MONREALE, 24 aprile – Alzi la mano chi in questo momento ha voglia di sorridere pensando al gol di Ciccio Brienza a Gigi Buffon. O alla punizione magica di Eugenio Corini che tolse le ragnatele dalla porta dell’Inter difesa da Julio Cesar. Alzi la mano chi ha ancora negli occhi il gioco di prestigio effettuato da Miccoli davanti a Nesta a San Siro contro il Milan o la serpentina di Amauri a Firenze, prima di assestare una micidiale rasoiata. Zamparini è riuscito anche in questo: ha fatto dimenticare ai tifosi palermitani dieci anni di meraviglie, di urla a perdifiato, di soddisfazioni immense.

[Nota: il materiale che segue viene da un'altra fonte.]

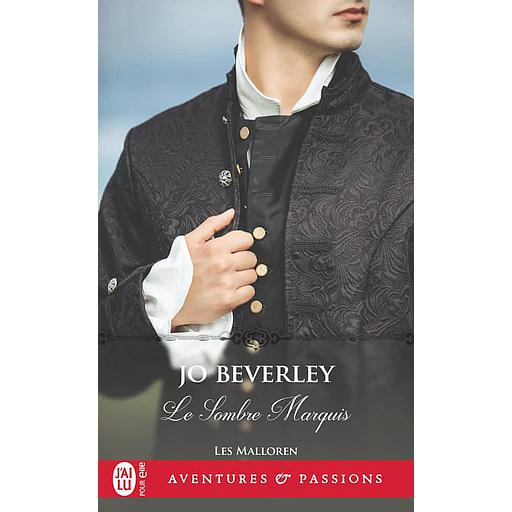 Les Malloren Tome 5 - Le sombre marquis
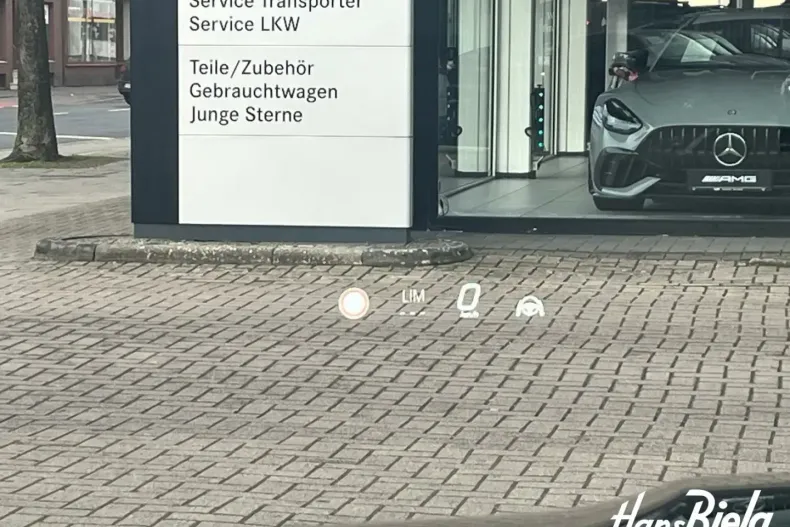 Mercedes-Benz GLC 220 din 2025 cu 7.544 km - oferta MER173608 - foto 14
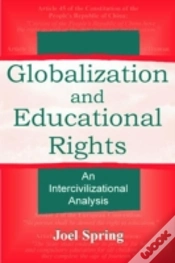 Capa do artigo Globalization And Educational Rights
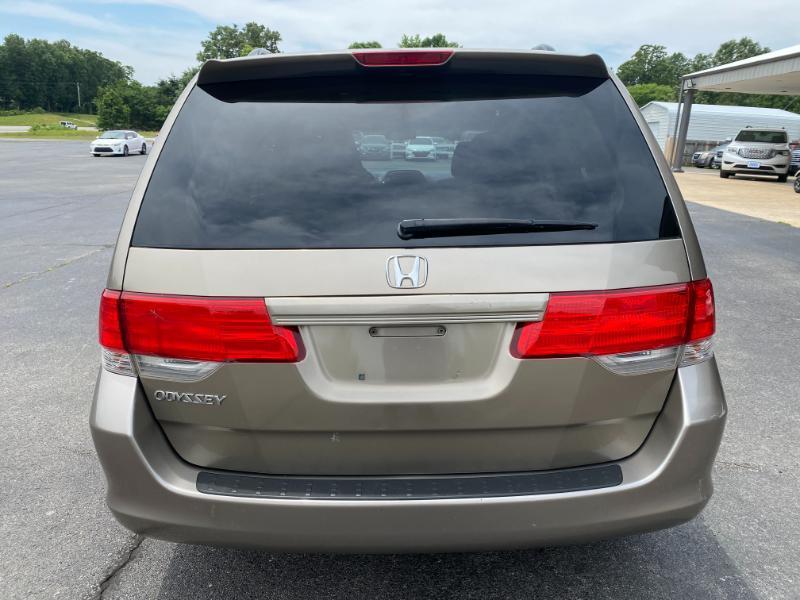 Honda Odyssey EX 2010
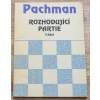 5074 pachman rozhodujici partie 1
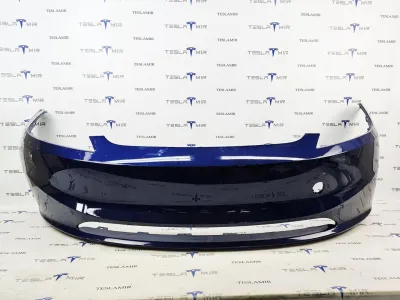 Бампер передний Tesla Model 3 2025
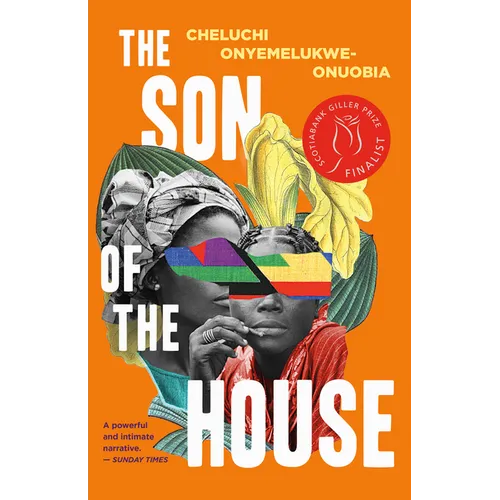 The Son of the House - Paperback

Difficile in questo momento tirare fuori la solita solfa della riconoscenza all’imprenditore friulano per aver riportato il Palermo in serie A dopo più di quarant’anni e per aver fatto vivere alla città una lunga stagione di fasti. In questo momento il popolo rosanero si sente sconfitto, umiliato, tradito. È bastato un campionato, che con un eufemismo possiamo definire “indegno”, per far dimenticare quello che di buono in tanti anni è stato costruito. D’altronde, come dice un vecchio proverbio: per cent’anni si campa, in un minuto si muore. E hai voglia di fare l’elenco delle prodezze rosanero degli ultimi 14 anni, magie che hanno riempito i cuori rosanero nell’era Zamparini. Il quadro attuale è quello della desolazione, dello sconforto e delle macerie che occorrerà spalare da ora in avanti.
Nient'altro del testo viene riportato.